US Patent Application 18202455. MODELING DISJOINT MANIFOLDS simplified abstract
Contents
MODELING DISJOINT MANIFOLDS
Organization Name
Inventor(s)
Jesse Cole Cresswell of Toronto (CA)
Brendan Leigh Ross of Toronto (CA)
Anthony Lawrence Caterini of TORONTO (CA)
Gabriel Loaiza Ganem of TORONTO (CA)
Bradley Craig Anderson Brown of Oakville (CA)
MODELING DISJOINT MANIFOLDS - A simplified explanation of the abstract
This abstract first appeared for US patent application 18202455 titled 'MODELING DISJOINT MANIFOLDS
Simplified Explanation
- The patent application describes a computer model that can account for data samples in a high-dimensional space as lying on different manifolds. - Instead of representing the entire data set as a single manifold, the model treats it as a union of manifolds. - The model groups data samples that are expected to belong to the same underlying manifold. - For generative models, a sub-model is trained for each group using their respective data samples. - Each sub-model can account for the manifold of its corresponding group. - The overall generative model includes information on how frequently to sample from each sub-model to accurately represent the entire data set. - The grouping of data samples can also be used to improve classification accuracy in multi-class classification models. - Group data samples are weighed based on the estimated latent dimensionality of the group.

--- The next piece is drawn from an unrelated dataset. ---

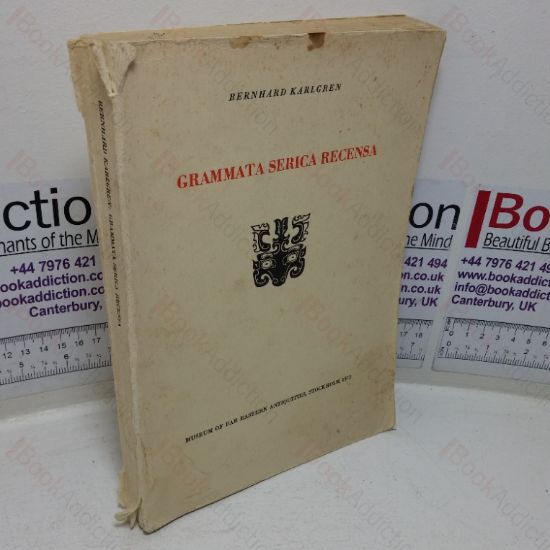 Picture of Grammata Serica Recensa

Original Abstract Submitted
A computer model is trained to account for data samples in a high-dimensional space as lying on different manifolds, rather than a single manifold to represent the data set, accounting for the data set as a whole as a union of manifolds. Different data samples that may be expected to belong to the same underlying manifold are determined by grouping the data. For generative models, a generative model may be trained that includes a sub-model for each group trained on that group's data samples, such that each sub-model can account for the manifold of that group. The overall generative model includes information describing the frequency to sample from each sub-model to correctly represent the data set as a whole in sampling. Multi-class classification models may also use the grouping to improve classification accuracy by weighing group data samples according to the estimated latent dimensionality of the group.